The school's administration is under fire after years of what students call empty promises to get stronger security. According to one of the protesters, a first-year student reportedly exited a taxi on Sunday night, and was walking towards the administrative office when she was accosted and raped. The administration, in a statement, said it is cooperating fully with an ongoing police investigation.
The e-mail which was sent to students was repeatedly read aloud during the protest, saying CASE has "reinforced security protocols" following the incident. But for many students, the statement echoed past assurances that never translated into real security.

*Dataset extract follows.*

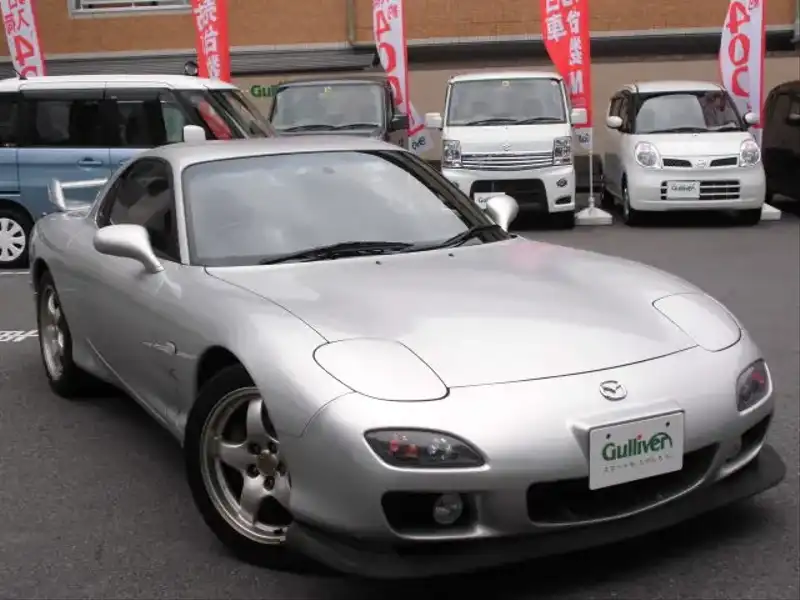 カタログ画像：ＲＸ－７（RX-7） タイプＲバサースト 2001年12月 GF-FD3S 1400cc サンライトシルバーメタリック 燃費8.1km / l  メイン（その他）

"No security no farm, no security no farm!" students chanted as the email was read.
"One security cyaa work for a population of over 1,000 students. How that work?" one student told THE STAR.
Students made repeated reference to a March 2022 attack, when a female student was abducted around 5 a.m. while heading to farm practice and dragged to bushes near an abandoned railway tunnel before being assaulted.
"None a we nuh safe as students. It coulda be any one a we, and fi see say it happen in the wide open, somewhere weh security shoulda deh you know it serious," another student said.
CASE President Derrick Deslandes, in a Gleaner article, promised beefed-up security including extra patrols, CCTV and even a shuttle service, but many students say they never saw the changes on the ground.
"Every time a dat dem say! Dem not even come out come talk to we from we out here whole morning. We nuh see the president, a the media mek we know bout this. It's after word got out them send email," another student said.
"If something can happen in broad daylight, a wah chance we have at night?" one student asked, while calling for leadership accountability.
Students vowed to escalate their demands for concrete security improvements, insisting that emails and words are no longer enough.